Anyone who knows about DNS knows that the state of the art is always right on the edge of brokenness, and that the major players are patching just enough to fix todays vulnerability. DJB was one of the few exceptions, and he designed all the strength he could think of into his implementation. His implemention had the fix that is being rolled out today, many years ago. To me, that's the real story here, that we should be spending our effort both building things to be as secure as we can reasonably be, and researching new attack classes and defenses that can be applied in a generic manner rather then chasing the latest buffer overflow or XSS bug. Research in static analysis, strong protections in frameworks and libraries available to everyone, and strong well designed protocols that are reusable like SSL and DNSSEC are the things that really push security forward. Vulnerability disclosure is just a useful tool in pushing the those goals along.

Here's my question for you. DNS source port randomization has always been a good idea, has been well know and even been implemented in some software for many years now.
Why is it that people will only roll it out after a vulnerability disclosure and media circus?
In a perfect world, if the industry as a whole really cared about security and was proactively strengthening their software development life cycle and deploying the best defenses we knew of, then vulnerability disclosure might be a bad thing. We don't live in that world, we live in a world where the cheapest thing that just barely works gets thrown on the net.
I would like to live in that world, and spend my time and energy pushing for systemic fixes as much as possible. Until the world is perfect and we sit around making daisy chains, we need vulnerability disclosure.

A side note is that people who care could have protected themselves on day 1 of vulnerability disclosure, as I did. Larger deployments of course take more testing, but 2-3 weeks is not an unreasonable time period.
We as an industry can only help those who care. Is there collateral damage? Yes. Would there be more or less damage without vulnerability disclosure, if security was perpetually at the state it was 10 years ago, or even at a standstill of where we are today? Where should we freeze the research clock?
Unfortunately in most areas of life, you must be running to stand still, and security is no different. If you don't care, you will get run over. We can only help those who care. It's an imperfect universe.

Michael La Barge

Although I see Peter’s point’s very clearly, I tend to agree with Steve in that vulnerabilities do need to be exposed. I feel this is especially true when Steve says:

“Why is it that people will only roll it out after a vulnerability disclosure and media circus?"

This is so true in so many Information security, risk and compliance related areas and life in general for that matter. It seems that the squeaky wheel really does get the oil, even more so when the squeak airs live on CNN.

In the PCI Compliance space, we often see what I like to call “Breach Begets Burden”. Meaning that in many cases, vulnerabilities known to exist are not dealt with until after a data breach occurs. Sadly, it is only after the breach, extensive media coverage and usually a change of Management that security related vulnerabilities are addressed in a more serious manner.
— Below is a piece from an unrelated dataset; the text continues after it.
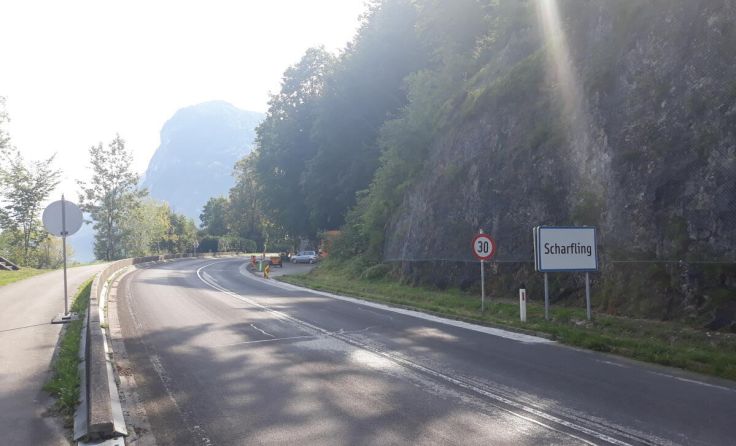 Das Baulos IN-Scharfling hat eine Länge von knapp drei Kilometer. (Foto: Ebner)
Peter is also absolutely correct in his metric of an increased likelihood of attack. If we see a surge to 50 million DNS attacks, we will certainly be hearing more about it. In the meantime, I will have fun watching the U.S Patent and Trade Office to see if this invention gets a filing number.

Pete Lindstrom

@Steve - what a load of pretentious baloney.

@Michael - there is another situation (other than vulnerability disclosure) where a fix would be quickly rolled out. Can you guess what it is?